Waziristan murders

Published May 20, 2020

LAST week, police received confirmed reports that two girls were murdered in a village bordering North and South Waziristan, purportedly to ‘restore’ their families’ ‘honour’ after a mobile phone video of them began circulating on social media. On Sunday, they arrested two male relatives of the victims, who have yet to be identified by name. The mystery, secrecy and silence behind this crime bear all the grim hallmarks of similar high-profile ‘honour’ killing cases of the past, the most notable of them being the murders of three women in Kohistan in 2012 after footage of them singing and clapping was leaked online. A year later, in 2013, two teenage girls and their mother were gunned down in Chilas by the girls’ stepbrother and his friends after a video of them smiling and enjoying the rain outdoors was circulated in the area. In some cases, these pixelated videos are the only documentary evidence we have to prove that these women ever lived, let alone the circumstances behind their untimely deaths, as the question of them ever receiving posthumous justice lingers. In fact, the pursuit of truth can itself prove deadly; last year, Afzal Kohistani, the man who spearheaded the long quest for justice for the Kohistan victims was himself gunned down on a busy street in Abbottabad.

For such crimes to be committed today, despite all the shock and horror expressed over previous high-profile cases, and despite all of Pakistan’s legislative achievements and claims to uphold the rule of law, a culture of impunity for crimes against women must obviously remain entrenched in the hearts and minds of many in the far reaches of the land where the law dare not trespass. Tribal ‘custom’ is a law unto itself, with the state apparatus abdicating practically all responsibility in pursuing legal action for gender-based crimes, and a public inured to brutality shrugging off or condoning the murder of yet another woman.

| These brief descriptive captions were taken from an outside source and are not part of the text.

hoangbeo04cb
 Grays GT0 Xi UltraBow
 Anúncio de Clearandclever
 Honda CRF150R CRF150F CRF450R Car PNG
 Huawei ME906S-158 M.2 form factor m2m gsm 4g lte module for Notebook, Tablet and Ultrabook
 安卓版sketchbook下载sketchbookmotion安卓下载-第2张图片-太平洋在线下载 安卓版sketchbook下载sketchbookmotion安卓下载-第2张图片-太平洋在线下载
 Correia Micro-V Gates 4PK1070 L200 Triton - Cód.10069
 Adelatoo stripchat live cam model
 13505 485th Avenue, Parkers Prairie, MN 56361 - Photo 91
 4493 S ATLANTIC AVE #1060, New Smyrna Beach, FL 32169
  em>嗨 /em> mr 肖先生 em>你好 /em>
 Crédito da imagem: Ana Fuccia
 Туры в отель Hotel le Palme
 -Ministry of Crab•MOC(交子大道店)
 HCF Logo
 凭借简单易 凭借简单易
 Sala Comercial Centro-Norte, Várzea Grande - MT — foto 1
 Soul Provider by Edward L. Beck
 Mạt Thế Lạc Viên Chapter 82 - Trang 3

Is it futile to expect things to be any different today than they were in, say, 2008, when Senator Israrullah Zehri spoke in defence of burying women alive in Balochistan, claiming it was “a tribal custom”? MNA North Waziristan Mohsin Dawar said of the recent murders, “Honour killings are an extreme expression of patriarchal violence, and the practice has to be condemned in the strongest terms … timely justice must be served”. More leaders must speak out for attitudes to change and justice to prevail.